What was your workday like yesterday?

From the start of business until about 10:00 a.m., we review our daily reviews and have the meetings central to our performance management systems. In a sense, these meetings run themselves, and while I could miss them, I am there for all of them. Being there allows me to listen, guide if needed, and do my part to ensure our site runs smoothly for the next 24 hours, 72 if it is a Friday. I always make it a point to walk the factory floor, shake hands, and ask how everyone is doing. I often get updates about how the machines are doing. OK, those updates are good, though I am interested in how employees are doing. Sometimes the responses are about how terrible the weather is. Other times, you get details about what is happening in the lives of their families. Afternoons are primarily spent in meetings about the factory operations.

 

 

What feature would you like to see added to PPF’s supply chain?

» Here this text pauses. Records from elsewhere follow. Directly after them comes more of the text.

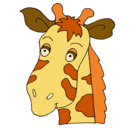 Dibujo Cara de jirafa pintado por Candela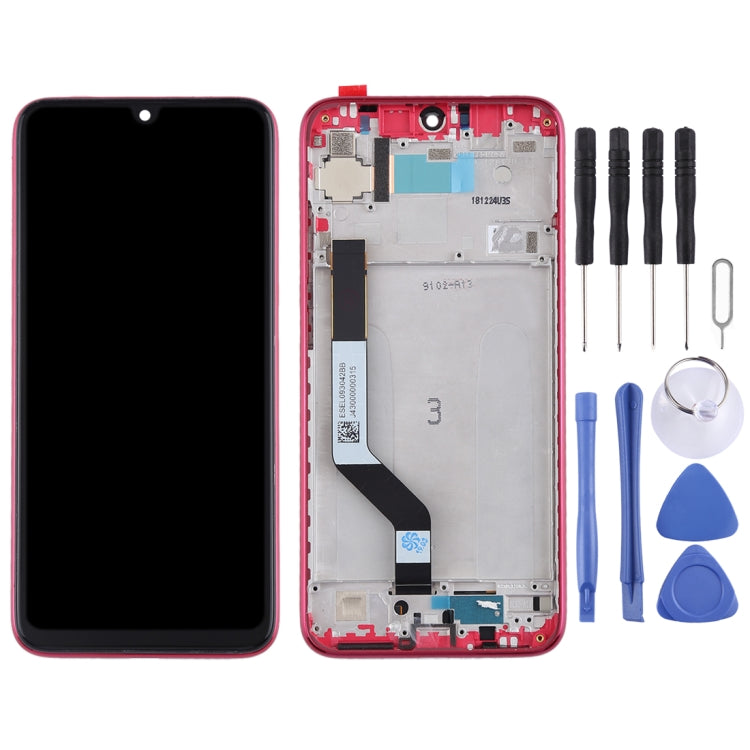 TFT LCD Screen for Xiaomi Redmi Note 7 / Redmi Note 7 Pro Digitizer Full Assembly with Frame(Red) - LCD Screen by PMC Jewellery | Online Shopping South Africa | PMC Jewellery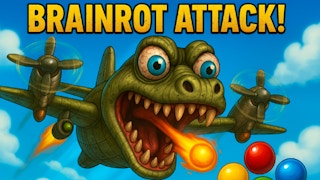 Brainrot Attack - Free airplane Game Like 탭 플레인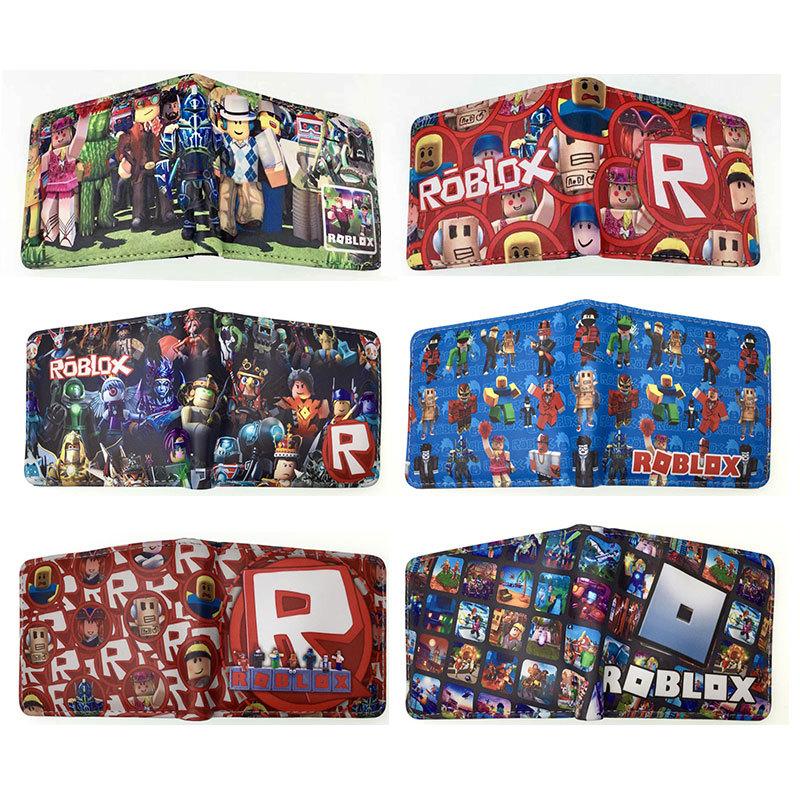 amazon roblox surrounding the game short wallet virtual world anime pu leather printed coin purse wallet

Responsibility and actionability across job functions. Concerns and issues often escalate to the managerial level when they could have stayed with line employees for resolution. I would like to see even more initiative. Be entrepreneurial! Innovate! You have our support.

 

 

Tell us about your charitable work.

 

I am the secretary of the Ma-run, a foundation that hosts a yearly motorcycle parade in the Venlo region for children with disabilities. The smiles of these children bring me great pride and satisfaction.

 

 

Who inspires you?

The easy answer is my children. They always get the best out of me. If I dig deeper, it would be the disabled children we work with as part of the Ma-run foundation. Seeing how happy these kids are and that they have not given up on life, even though it is challenging, puts things in perspective for me.